In Britain, there has recently arisen a patriotic, Feel-Good movement calling itself: “One Britain, One Nation.” It was founded in 2013 by one Kash Singh, a Punjabi who immigrated to Britain with his parents at the age of six and who grew up to become an Inspector with the West Yorkshire Police.

One Britain, One Nation (OBON, for short) has called for “schools across the UK to celebrate One Britain One Nation Day on 25 June, when children can learn about [British] shared values of tolerance, kindness, pride and respect”, and in particular for children to sing a patriotic song written by school children at St John’s CE Primary School, Bradford titled “We are Britain and we have one dream / To unite all people in one great team.” (Gag me with a spoon!)

All this goody-goody, goo-goo-ism has attracted the support of Boris Johnson, Joanna Lumley, Brandon Lewis, Lord Tebbit, Lord Steel of Aikwood, and various religious leaders, including bishops and imams.

What can one say? It’s not my kind of thing, but it is obviously true that human beings differ in all sorts of tribal ways in every society and need to tolerate one another’s differences and get along, and recent immigrants ought to be grateful to be where they are and should be endeavoring to assimmilate, not complaining.

I came across an editorial this morning in the hoity-toity London Review of Books by one Dr. Arianne Shavisi, who is a Senior Lecturer in Medical Ethics & Humanities (Clinical and Experimental Medicine) at Brighton and Sussex Medical School, a specialist in feminist bioethics, gender studies, global health ethics, social determinants of health, and the philosophy of mind, and a Free Speech opponent.

Dr. Shavisi has degrees like a thermometer from Oxford and Cambridge, and in addition to her university position sits on editorial boards, publishes in prestigious venues, and even advises the British Government on Abortion and Women’s Health. Pretty darn good for a first generation British subject fresh off the banana boat.

You would think this young woman would be grateful to Britain and the British people for letting her parents in, doubtless as refugees from the crazed mullahs’ fanatical regime. Dr. Arianne gets to swan around Decolonize STEM Symposia in overalls and a t-shirt, instead of burying herself in a voluminous black Chador. She can walk down the street or even drink wine without worrying about getting arrested by the Morality Police. She can abuse and attack the country lives in and she is not thrown into a dungeon.

But, no, she is not grateful. In fact, she confusedly considers her Aryan/Arianne self to be a person of color and some sort of victim of Racism, simply because she is a person of foreign, and therefore minority, origin and not a member of the native majority. How terribly, terribly racist and unfair!

She is also a fountain of Marxist CRT nonsense.

From the London Review of Books editorial opposing OBON:

White children experience white privilege regardless of their household income. That doesn’t mean their lives are a piece of cake, it just means that race isn’t part of their burden. Whiteness inoculates them against certain forms of social marginalisation, but it provides little protection against poverty and its variegated effects. (By contrast, wealth fortified with whiteness is practically a superpower.) The problem is therefore not that poor white children are being taught that they’re privileged along the axis of race, it’s that they and others are not being told they’re oppressed along the axis of class. Rather than subtracting conversations about white privilege from our classrooms, we need to ensure that children also learn that the system is designed to keep them poor.

That nefarious system obviously failed to stop her Persian immigrant self.

And:

You can’t demand that children be proud any more than you can ask them not to be ashamed. Poverty and racism pose material barriers, but they also fill people with a shame that is antithetical to their thriving. As Hannah Gadsby put it in her 2018 show Nanette: ‘When you soak a child in shame, they cannot develop the neurological pathways that carry thought.’ Learning is much harder when you’re hungry or humiliated.
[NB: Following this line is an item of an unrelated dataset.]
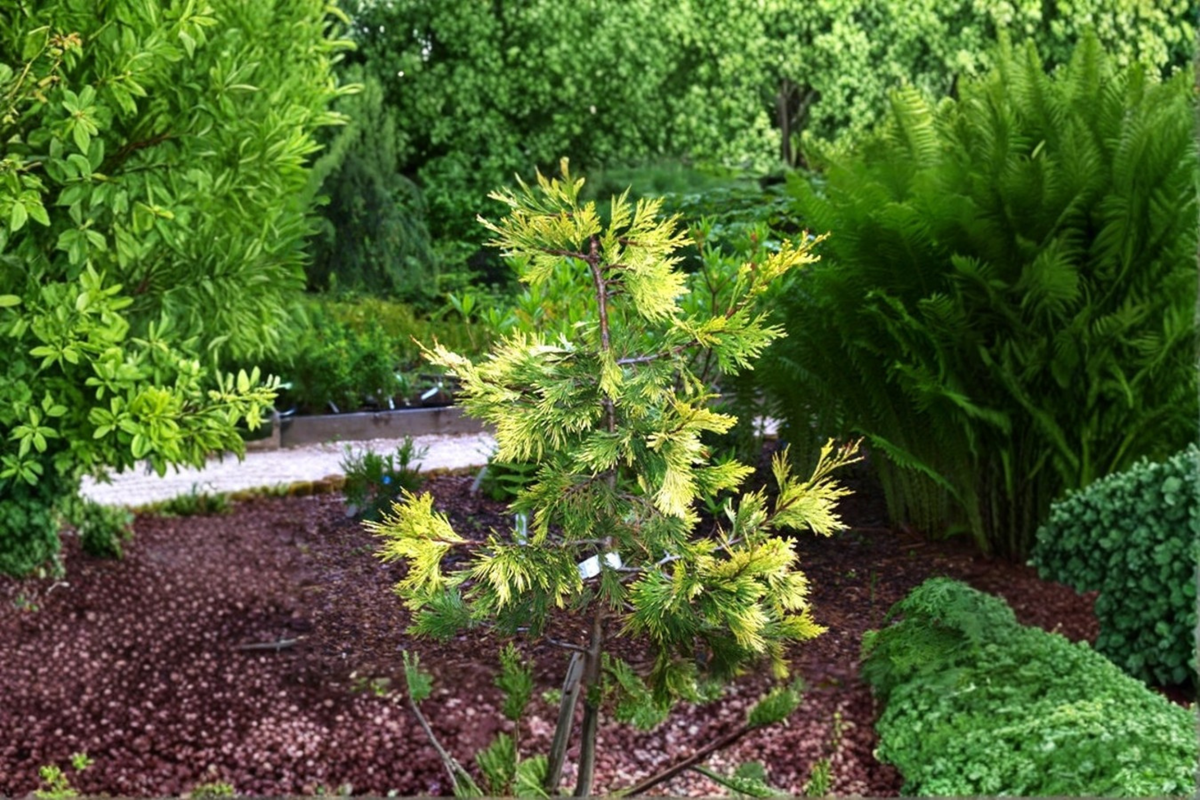 Maupin Glow Incense Cedar Live Plant 12 Inch Golden Evergreen Conifer Calocedrus decurrens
The government has no place asking children of colour to be proud of a country that fails to recognise racism, and it has no place asking poor children to sing for a country that sells their hunger to private companies which send them half a carrot.

Describing her 2018 talk “Refining the Case Against Free Speech“:

In this talk I counter the claim that free speech is under threat in universities, and instead submit that new opportunities have arisen to make knowledge exchange more inclusive. I argue that there is good reason to demand “political correctness” in the discussion of certain issues, and that far from standing in the way of free exchange, political correctness aims to make that exchange more widely accessible. Political correctness, if judiciously implemented, is a form of censorship whose purpose is to embolden and amplify the voices of the most marginalised and silenced communities within our society, and to bring their experiences and standpoints into collective discourses. I suggest that academics should endorse restrictions on permissible academic speech, with the aim of producing educational spaces within which epistemic outcomes are optimised for all social groups. One concrete strategy is to seriously engage the potent, but currently much-maligned, regulatory functions of “safe spaces” and “no platforming,” which I define and defend against common objections.

29 Jun 2021

How Useless Is this Supreme Court?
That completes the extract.